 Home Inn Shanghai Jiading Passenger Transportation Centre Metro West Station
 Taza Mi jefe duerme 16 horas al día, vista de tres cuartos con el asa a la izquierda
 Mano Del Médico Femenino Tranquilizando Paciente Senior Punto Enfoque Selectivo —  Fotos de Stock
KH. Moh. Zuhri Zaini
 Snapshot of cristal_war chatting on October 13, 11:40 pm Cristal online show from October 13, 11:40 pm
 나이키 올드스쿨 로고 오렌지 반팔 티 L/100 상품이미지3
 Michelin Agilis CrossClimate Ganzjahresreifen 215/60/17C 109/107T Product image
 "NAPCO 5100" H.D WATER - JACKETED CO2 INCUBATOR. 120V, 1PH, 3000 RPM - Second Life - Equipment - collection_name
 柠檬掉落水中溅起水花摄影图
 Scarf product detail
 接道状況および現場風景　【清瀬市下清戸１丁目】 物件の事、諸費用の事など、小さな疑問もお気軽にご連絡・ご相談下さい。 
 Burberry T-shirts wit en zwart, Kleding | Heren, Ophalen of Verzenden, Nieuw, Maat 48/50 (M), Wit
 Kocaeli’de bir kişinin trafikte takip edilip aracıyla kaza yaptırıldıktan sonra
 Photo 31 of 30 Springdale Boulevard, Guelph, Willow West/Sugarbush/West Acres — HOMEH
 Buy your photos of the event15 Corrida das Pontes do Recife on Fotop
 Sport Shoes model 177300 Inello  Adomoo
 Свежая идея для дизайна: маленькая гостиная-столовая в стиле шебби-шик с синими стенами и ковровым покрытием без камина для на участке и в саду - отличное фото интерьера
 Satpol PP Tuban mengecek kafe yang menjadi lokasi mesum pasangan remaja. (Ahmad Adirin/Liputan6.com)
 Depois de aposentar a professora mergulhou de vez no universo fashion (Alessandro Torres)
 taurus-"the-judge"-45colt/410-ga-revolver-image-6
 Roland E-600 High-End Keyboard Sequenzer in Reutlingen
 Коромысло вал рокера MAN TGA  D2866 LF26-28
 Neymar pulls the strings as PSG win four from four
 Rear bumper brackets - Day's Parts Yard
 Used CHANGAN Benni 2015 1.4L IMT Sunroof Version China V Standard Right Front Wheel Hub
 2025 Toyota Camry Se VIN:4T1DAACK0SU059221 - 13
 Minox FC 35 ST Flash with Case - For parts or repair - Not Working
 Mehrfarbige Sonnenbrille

## DIRECTIONS
Print the line that contains "Taza Mi jefe", then every later line of the entries above up to and including the last, all exactly as written.

## RESPONSE BELOW
 Taza Mi jefe duerme 16 horas al día, vista de tres cuartos con el asa a la izquierda
 Mano Del Médico Femenino Tranquilizando Paciente Senior Punto Enfoque Selectivo —  Fotos de Stock
KH. Moh. Zuhri Zaini
 Snapshot of cristal_war chatting on October 13, 11:40 pm Cristal online show from October 13, 11:40 pm
 나이키 올드스쿨 로고 오렌지 반팔 티 L/100 상품이미지3
 Michelin Agilis CrossClimate Ganzjahresreifen 215/60/17C 109/107T Product image
 "NAPCO 5100" H.D WATER - JACKETED CO2 INCUBATOR. 120V, 1PH, 3000 RPM - Second Life - Equipment - collection_name
 柠檬掉落水中溅起水花摄影图
 Scarf product detail
 接道状況および現場風景　【清瀬市下清戸１丁目】 物件の事、諸費用の事など、小さな疑問もお気軽にご連絡・ご相談下さい。 
 Burberry T-shirts wit en zwart, Kleding | Heren, Ophalen of Verzenden, Nieuw, Maat 48/50 (M), Wit
 Kocaeli’de bir kişinin trafikte takip edilip aracıyla kaza yaptırıldıktan sonra
 Photo 31 of 30 Springdale Boulevard, Guelph, Willow West/Sugarbush/West Acres — HOMEH
 Buy your photos of the event15 Corrida das Pontes do Recife on Fotop
 Sport Shoes model 177300 Inello  Adomoo
 Свежая идея для дизайна: маленькая гостиная-столовая в стиле шебби-шик с синими стенами и ковровым покрытием без камина для на участке и в саду - отличное фото интерьера
 Satpol PP Tuban mengecek kafe yang menjadi lokasi mesum pasangan remaja. (Ahmad Adirin/Liputan6.com)
 Depois de aposentar a professora mergulhou de vez no universo fashion (Alessandro Torres)
 taurus-"the-judge"-45colt/410-ga-revolver-image-6
 Roland E-600 High-End Keyboard Sequenzer in Reutlingen
 Коромысло вал рокера MAN TGA  D2866 LF26-28
 Neymar pulls the strings as PSG win four from four
 Rear bumper brackets - Day's Parts Yard
 Used CHANGAN Benni 2015 1.4L IMT Sunroof Version China V Standard Right Front Wheel Hub
 2025 Toyota Camry Se VIN:4T1DAACK0SU059221 - 13
 Minox FC 35 ST Flash with Case - For parts or repair - Not Working
 Mehrfarbige Sonnenbrille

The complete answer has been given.